Tanto si hablamos de humildad como si hablamos de
modestia, en cualquier caso nos estamos
refiriendo a la falta de engreimiento o
vanidad; es decir, que lo “correcto” es creerse inferior a todos, y lo
“incorrecto” es sentirse superior a los demás. Y, además, parece ser que sólo
podemos situarnos en un extremo o en el otro: o somos humildes, o somos vanidosos, blanco o negro, todo o nada. Y,
para colmo de males, resulta que, en el mundo de la empresa, a los humildes o
discretos se les cuelga a menudo la etiqueta de “perfil
bajo”, que, depende para quién, puede significar el fin de muchas
aspiraciones.
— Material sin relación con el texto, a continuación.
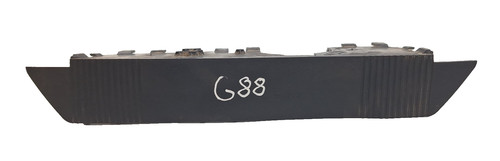 Volvo V70 I Turbo Luftkanal Kühler Frontmaske Lüfter 9447100 OEM Teile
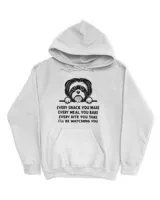 Every Snack You Make Meal You Bake Funny Shih Tzu Dog Lover HOD010223A6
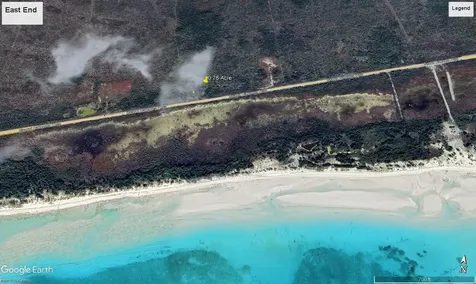 East Grand Bahama Grand Bahama Freeport BS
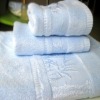 2011 new style 100% bamboo towels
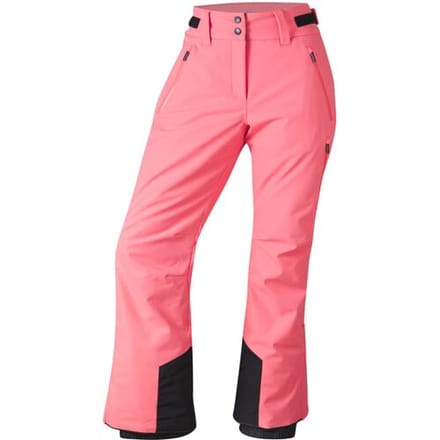 CRIVIT Dames skibroek Premium (Koraal, 40)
Qué difícil acertar la estrategia, y, al mismo tiempo, sentirse
bien con uno mismo…
Desde mi punto de vista, y basándome tanto en mi
experiencia personal como en mi experiencia como coach, este pensamiento dicotómico humildad-vanidad
resulta una fuente clara de infelicidad
para las personas; cada uno lucha por conseguir sus propias metas, esforzándose,
arriesgándose, superándose, perdiendo algunas cosas por el camino, y, cuando
por fin lo consigue, no se siente con fuerzas para observar sus logros con satisfacción porque cree que está
siendo vanidoso, y eso no está bien.
Confundimos la necesidad de la autoestima
con el pecado de la soberbia, ignorando que no es lo mismo valorarse en la
justa medida que envanecerse, y obviando que el hecho de no honrar el fruto de
tu esfuerzo se acerca peligrosamente a la ingratitud, que, hasta donde yo sé, es
otro pecado; vale la pena tenerlo muy
claro para poder vivir en paz con uno mismo y con los demás.
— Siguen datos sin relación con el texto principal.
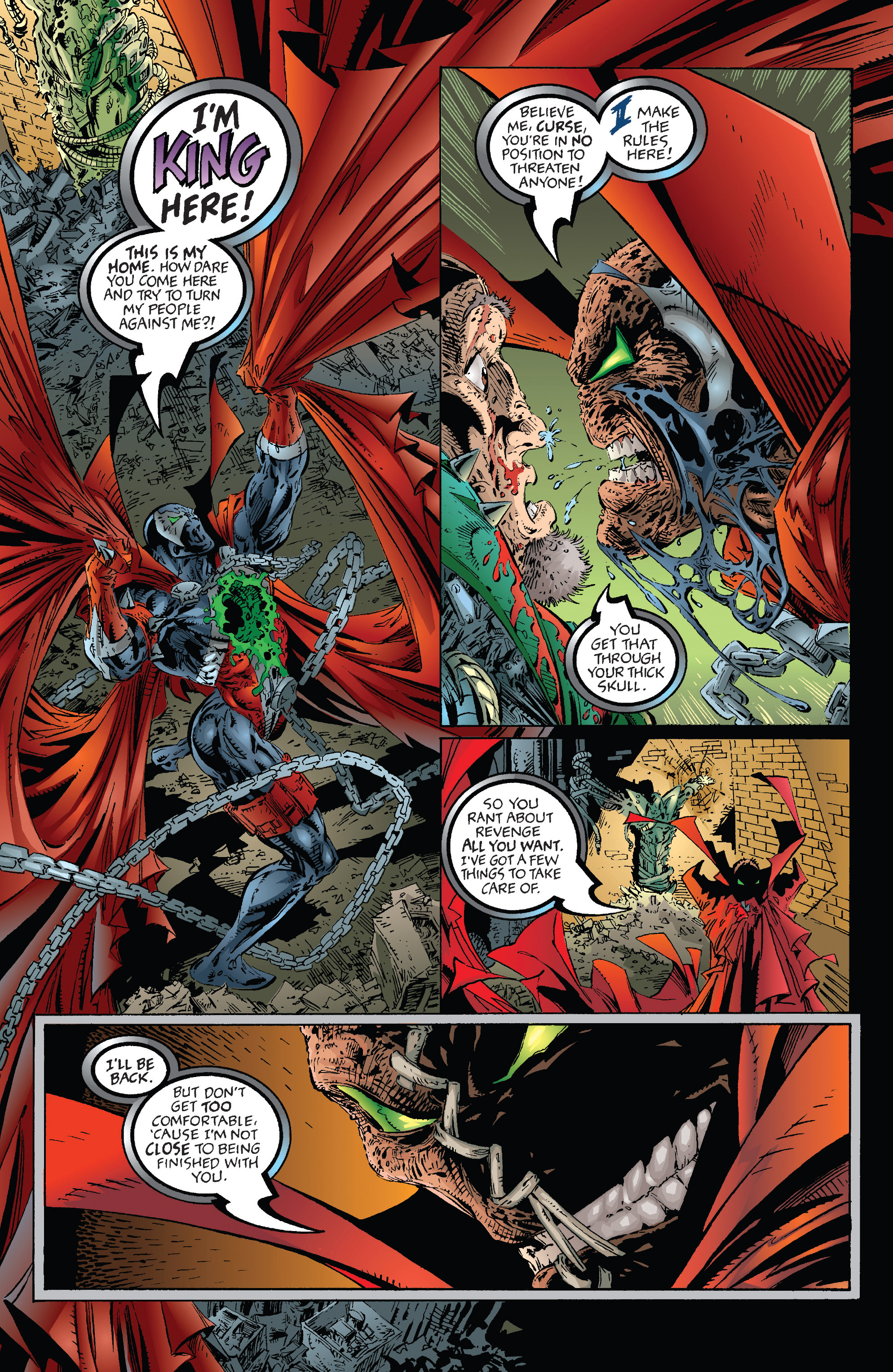 Spawn (1992-): Chapter 28 - Page 8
¿Sabes lo qué ocurriría si, en lugar de vivir
angustiado por el qué dirán, por no sobresalir, por no molestar, por no ofender, vivieras sintiéndote a gusto
en tu propia piel, respetándote y respetando a los demás, aprendiendo cada día,
trabajando por lo que quieres y honrando lo que consigues? Pues que tendrías justamente la vida que deseas
tener, ésa que vale la pena vivir. Y ya me dirás si no te apetece.